Why does it take so long to sell a carbon credit?

Anyone who has worked on the sell side of the voluntary carbon market knows that selling carbon credits can feel like getting a Rube Goldberg machine to work. It’s a complex process with lots of moving parts that often takes a long time to succeed.
Earlier this year, Ecosystem Marketplace and Carbon Capital Lab launched a survey to find out what sellers are seeing in their carbon credit sales cycles. We asked 48 carbon project developers and intermediaries about how their sales conversations were progressing, when deals tend to fall apart, and why.
What we found were highly variable sales cycles, a market heavily reliant on personal relationships, and an industry in need of ongoing buyer education.
The VCM trades on relationships.
The most common sales channels are based on personal relationships – not marketplaces, formal procurement channels, or broker-facilitated deals. Instead, long-time relationships formed in prior roles are the most common way sellers meet buyers, followed closely by meeting at conferences and warm introductions from mutual acquaintances.
This heavy reliance on relationship capital for carbon credit sales could make it difficult for smaller and newer project developers to break into the market, regardless of the quality or price of their product.
Sellers are doing a lot of unpaid buyer education.
Two-thirds of sales conversations die in the very earliest stages, before formal due diligence on a carbon project even begins.
Projects told us that the most common reasons that sales conversations stall are 1) buyers’ price expectations don’t align with market realities, and 2) buyers are simply window shopping without serious intent to purchase.
“Buyers are not in active procurement mode. They’re prioritizing other project types, [and] not currently thinking about carbon removals as a part of their strategy,” one survey respondent wrote.
“There was no urgency on the buyer’s end. They did not have set targets, set requirements, or set budget, and so moving the deal forward was not a priority,” wrote another respondent.
“[It’s] the wishlist versus the budget. Most of the time, buyers want mangroves at renewable pricing,” a developer told us.
Sellers are doing a lot of unpaid education in this space, using sales conversations to get potential buyers up to speed on the basics of carbon markets. That’s an expensive undertaking for project developers and retailers who may have limited runway and need to generate revenue sooner rather than later.
While multiple initiatives exist aiming to close the buyer education gap, like the Beyond Alliance, the Natural Climate Solutions Alliance, and RMI’s Carbon Markets Initiative, it seems buyers still to turn to sellers to answer their questions about the market and for price discovery.
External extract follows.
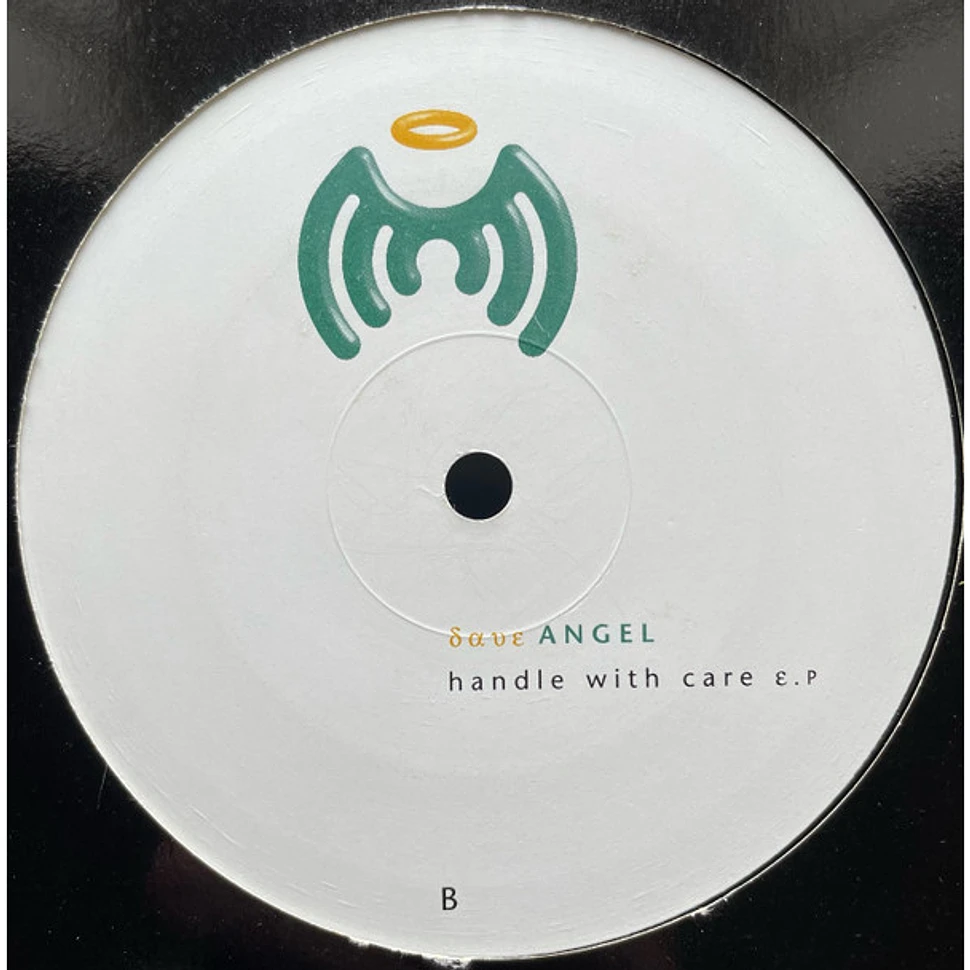 Dave Angel - Handle With Care E.P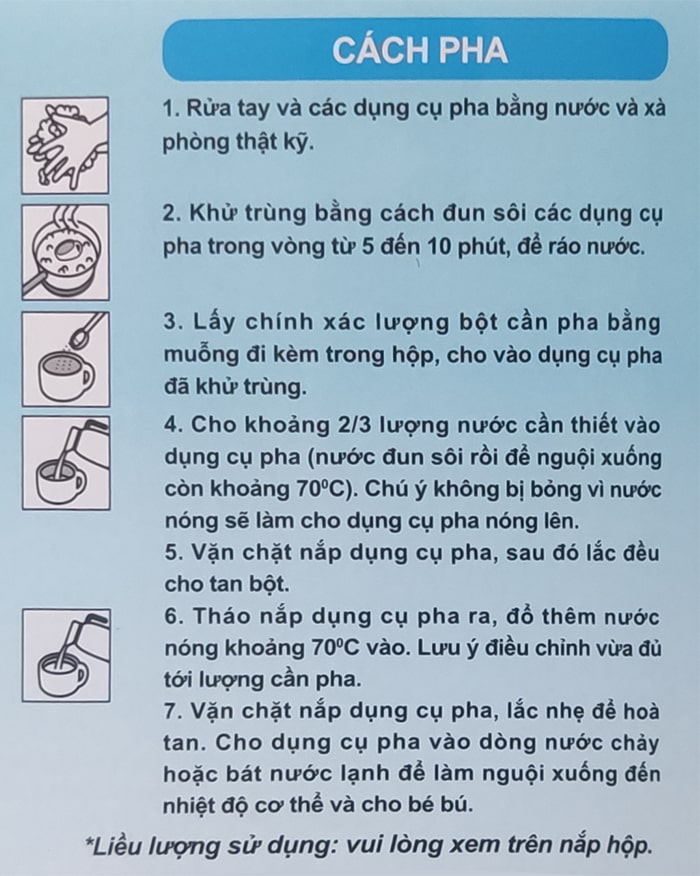 Sữa morinaga số 1 lon 800g cho trẻ 0-6 tháng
Sales cycles are drawn out, and due diligence can become too costly to continue.
For the deals that did make it to a successful sale, spot credit sales took an average of five months to close. Offtakes took three times as long, 15 months on average, though with very wide variation between deals. The wide variance in offtake sales timelines suggests there’s still very little standardization in the due diligence process and contract structure for offtakes.
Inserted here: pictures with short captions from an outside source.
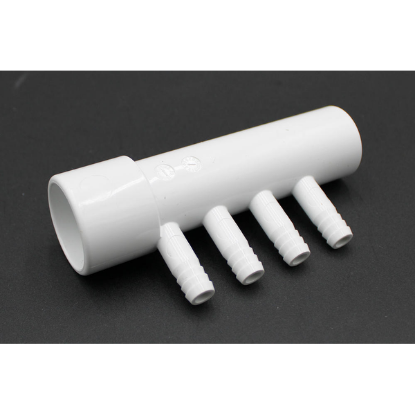 21081-000-000: MANIFOLD,1"SxSPG,3/8"B,4PRT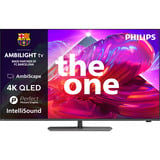 Philips The One 55" 4K Ultra HD TV QLED Gris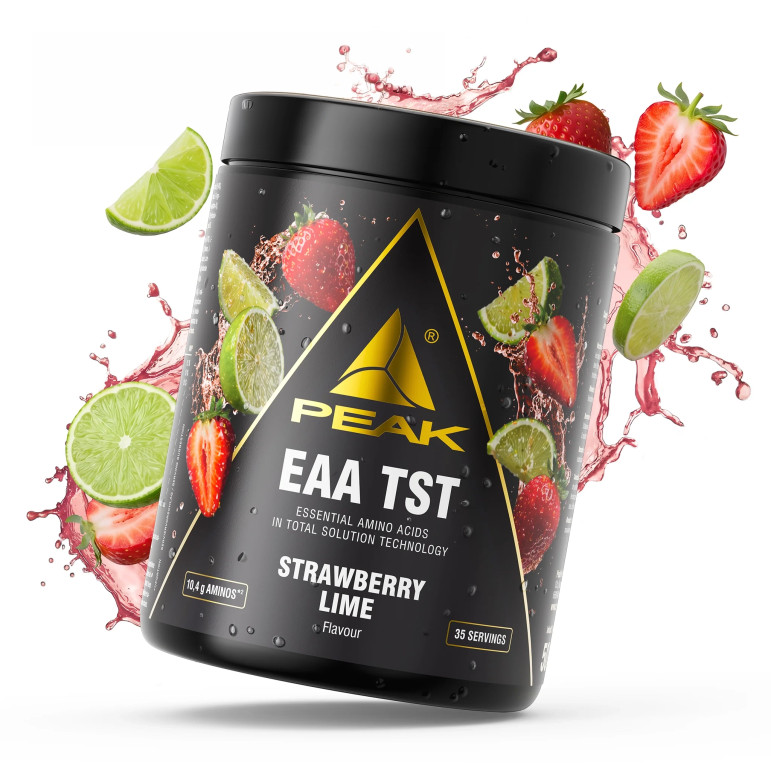 EAA TST - Amino acids - PEAK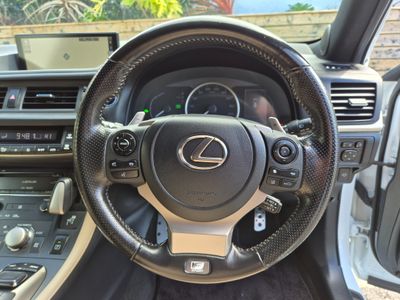 2020 Lexus CT 200h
For most respondents who reported on offtake agreements, project due diligence took up the largest part of the deal cycle. Some respondents reported that buyer requests during due diligence became so costly to fulfill that they couldn’t continue with the negotiation. “Heavy negotiation without committing to the project for [the] long term. Data ask[s] become challenging to keep going back to ground and collect additional information [sic],” one developer wrote.
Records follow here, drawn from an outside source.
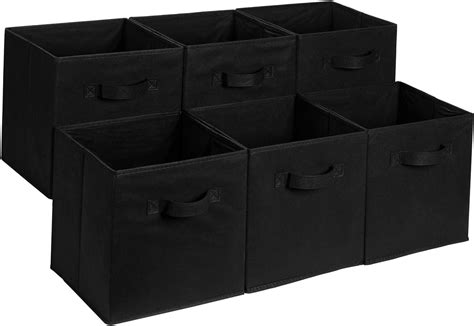 Grossiste cube de rangement pliable 30x30x30cm Tradaka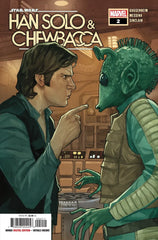 Star Wars Han Solo Chewbacca #2 - State of Comics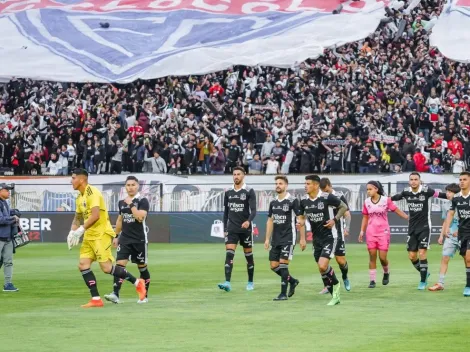 Colo Colo agradece esfuerzos para jugar con la UC en el Monumental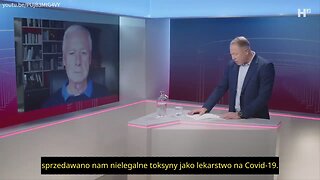 Dr Helmut Sterz o Mafii Szczepionkowej...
Other factors influencing deal timelines: Credit type, methodology, and who’s buying.
Avoidance credits close faster than removals, regardless of deal structure. For example, 80% of REDD+ sales were to intermediaries, whereas 66% of ARR sales were to end-buyers.
The prevalence of removals sales to end-buyers may be a reflection of buyer preferences. Sixty percent of removal credit sales sold via offtake rather than spot. And end-buyers are currently 2x more likely than intermediaries to sign offtake agreements, taking on the risk of longer delivery timelines but accessing larger volumes.
Standardizing due diligence processes and streamlining data collection, particularly for offtakes, could shorten deal timelines and reduce financial burden sellers experience during lengthy sales cycles.
A market where sellers spend months educating buyers, relying on old relationships, and navigating bespoke due diligence is unlikely to scale efficiently. Making transactions simpler, faster, and more predictable may be just as important to market growth as improving the credits themselves.